A class that implements methods ICHOR uses to submit jobs to the Sun Grid Engine (SGE) batch system. These methods/properties are used to construct job scripts for any program we want to run on SGE.

Host = 'SLURM_SUBMIT_HOST'
JobID = 'SLURM_JOBID'
NumProcs = 'SLURM_NPROCS'
OptionCmd = 'SBATCH'
TaskID = 'SLURM_ARRAY_TASK_ID'
TaskLast = 'SLURM_ARRAY_TASK_COUNT'
classmethod array_job(njobs: int, max_running_tasks: int | None = None) str

Returns the line in the job script that specifies this job is an array job. These jobs are run at the same time in parallel as they do not depend on one another. An example will be running 50 Gaussian or AIMALL jobs at the same time without having to submit 50 separate jobs.
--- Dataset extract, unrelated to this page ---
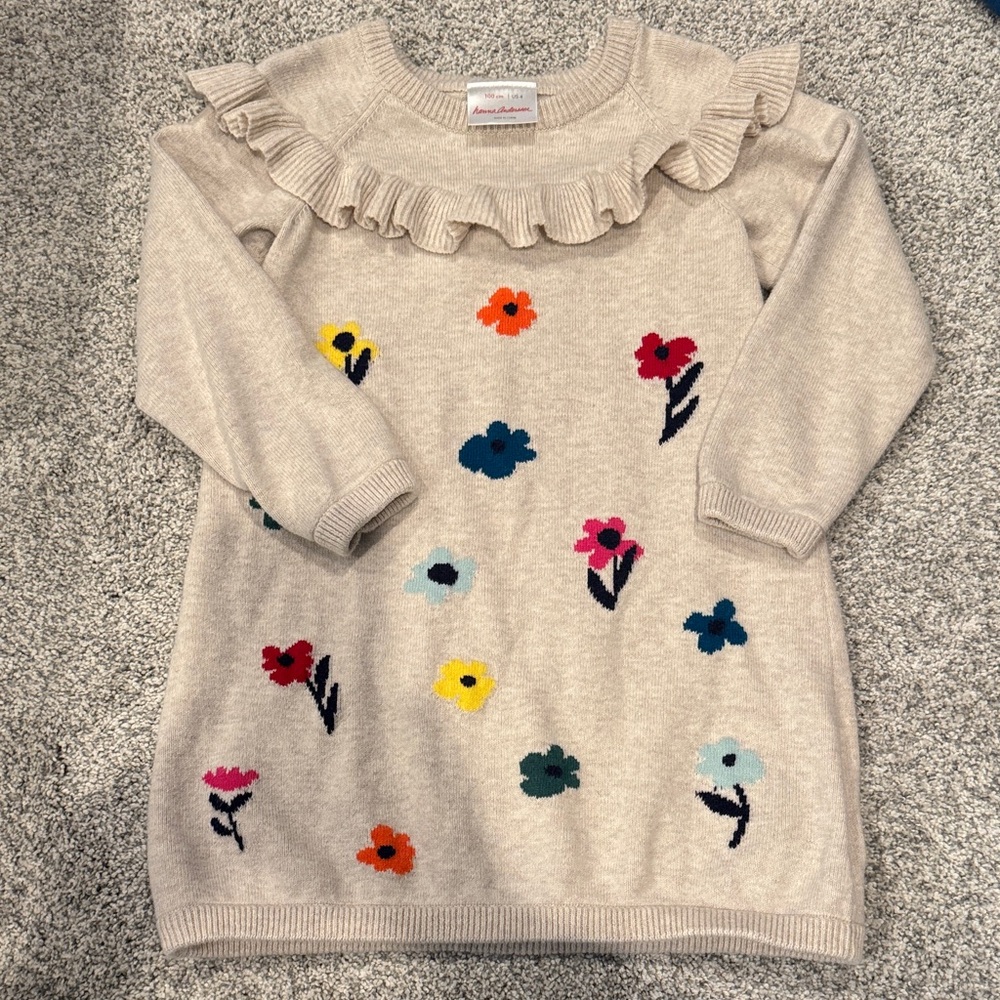 Hanna Andersson Floral Knit Dress with Ruffle Collar‎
Instead 1 array job can be submitted.

classmethod change_working_directory(path: Path) str

Return the line in the job script definning the working directory from where the job is going to run.

static current_node() NodeType

Return the current type of node ichor is running on SLURM defines the SLURM_SUBMIT_HOST when running on a compute node

delete_job_command = ['scancel']
classmethod error_directory(path: Path, task_array: bool = False) str

Return the line in the job script defining the error directory where any errors from the job should be written to. These files end in .e{job_id}.

classmethod get_queued_jobs() List[Job]
classmethod hold_job(job_id: JobID | List[JobID]) List[str]

Return a list containing hold_jid keyword and job id which is used to hold a particular job id for it to be ran at a later time. https://hpc.nih.gov/docs/job_dependencies.html

static is_present() bool

Check if SLURM is present on the current machine ICHOR is running on.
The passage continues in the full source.